Brittany "Chi" Coney and Denisia "Blu June" Andrews have been working together as the songwriting and producing duo NOVA WAV for over a decade. Based in Los Angeles, the Grammy-winning pair has collaborated on hits for Beyoncé, Jay-Z, Rihanna,
Ariana Grande, H.E.R., and many others. They chatted with
Lisa Machac of Omni Sound Project about their current work and the future they envision for themselves.

You’re known as a duo. How did you start in music and recording individually before you met?

Blu June: The way that I got into music, it’s something that’s been innate in my family. My mom was a singer. My dad. My sister is musically inclined. My brother. Once I graduated from college and I stopped playing sports, I thought, “Okay, cool; now I’m going to dive more into my love for music and my passion for it.” I started out as an artist. I wrote my music because I thought that all artists wrote their own music. Then I found out that wasn’t true. The artist side of it wasn’t for me, because I didn’t like the spotlight. I met this guy who said, “You should just be a songwriter.” A lightbulb went off. I thought, “That’s my calling.” I started concentrating on writing songs and learning more about the songwriting process. That’s when I met Chi, through a mutual acquaintance.

Chi: I played alto saxophone in band growing up. I remember my granddad and certain people saying that I would get on the piano and make up songs when I was 3 and 4. I stuck with the saxophone from 6th through 11th grade. I was in marching band as well. I remember being in high school and walking through a hallway, and I heard this rapper.
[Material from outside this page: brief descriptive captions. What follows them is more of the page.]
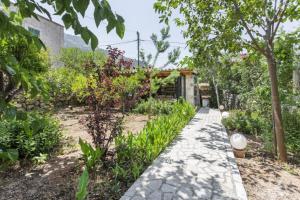 A garden outside Sa Vinya de Son Bou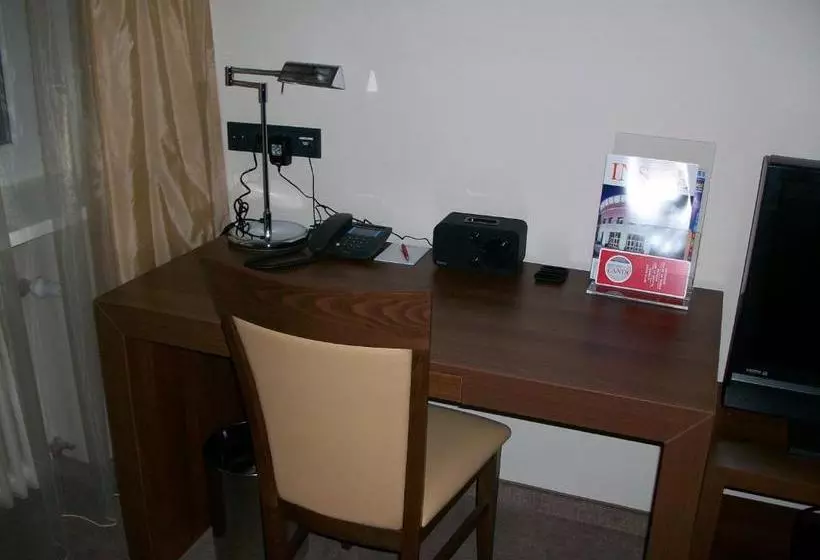 Fotos del hotel Liv In Residence Frankfurtseilerstraße:  13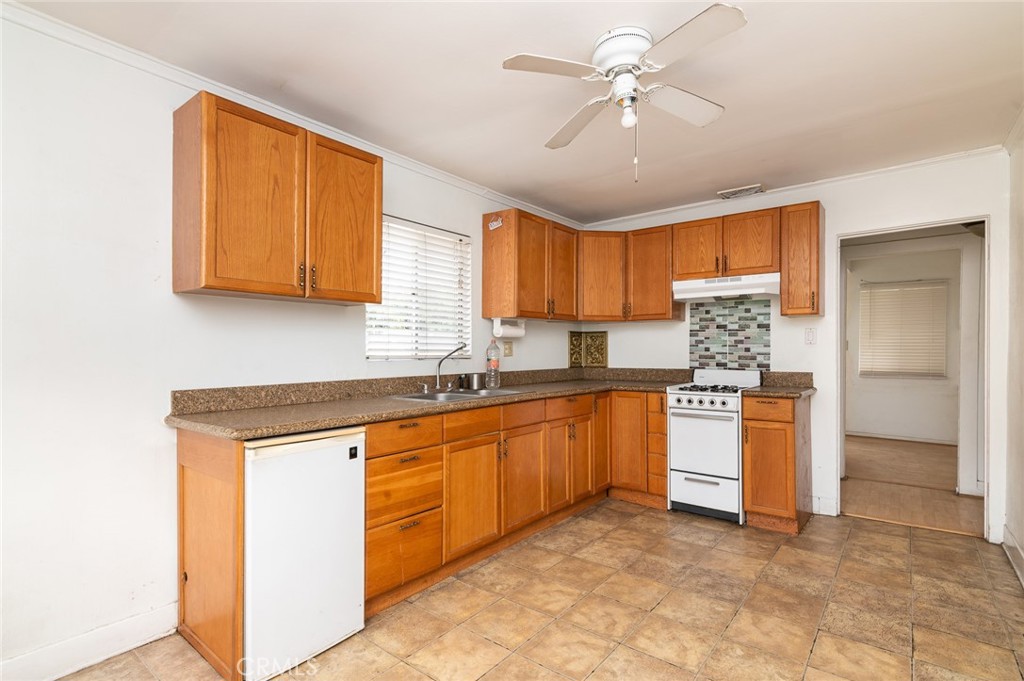 420 W California Boulevard Property Photo 32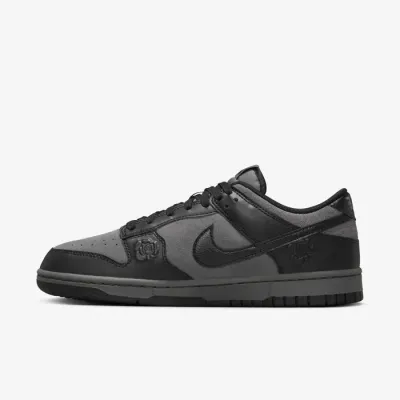 Nike Dunk Low HF1986-001 noire pour femme avec cuir synthétique, daim et roses embossées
He was talking about how he made his own beats on FruityLoops [now Image-Line’s FL Studio]. I went home and downloaded it. I’ve been crazy about making music ever since.

I heard something where you said you recorded your answering machine messages when you were little?

C: I’d make up raps and songs for my answering machine.

BJ: The golden days.

C: The golden days, yeah!

You’re both from Florida, and then you joined forces in Atlanta. How long were you in Atlanta before you moved out to L.A.?

C: Maybe six years. She was living in Tallahassee and I said, “Yo, if you quit your job and move to Atlanta, we’re going to be huge. Quit and move here!” She was crazy enough to do it. We stayed there for six years, then we realized that there was faster traction here in L.A. for us. We were like, “Yo, let’s go and see what happens.”

How were you collaborating before you lived in the same town?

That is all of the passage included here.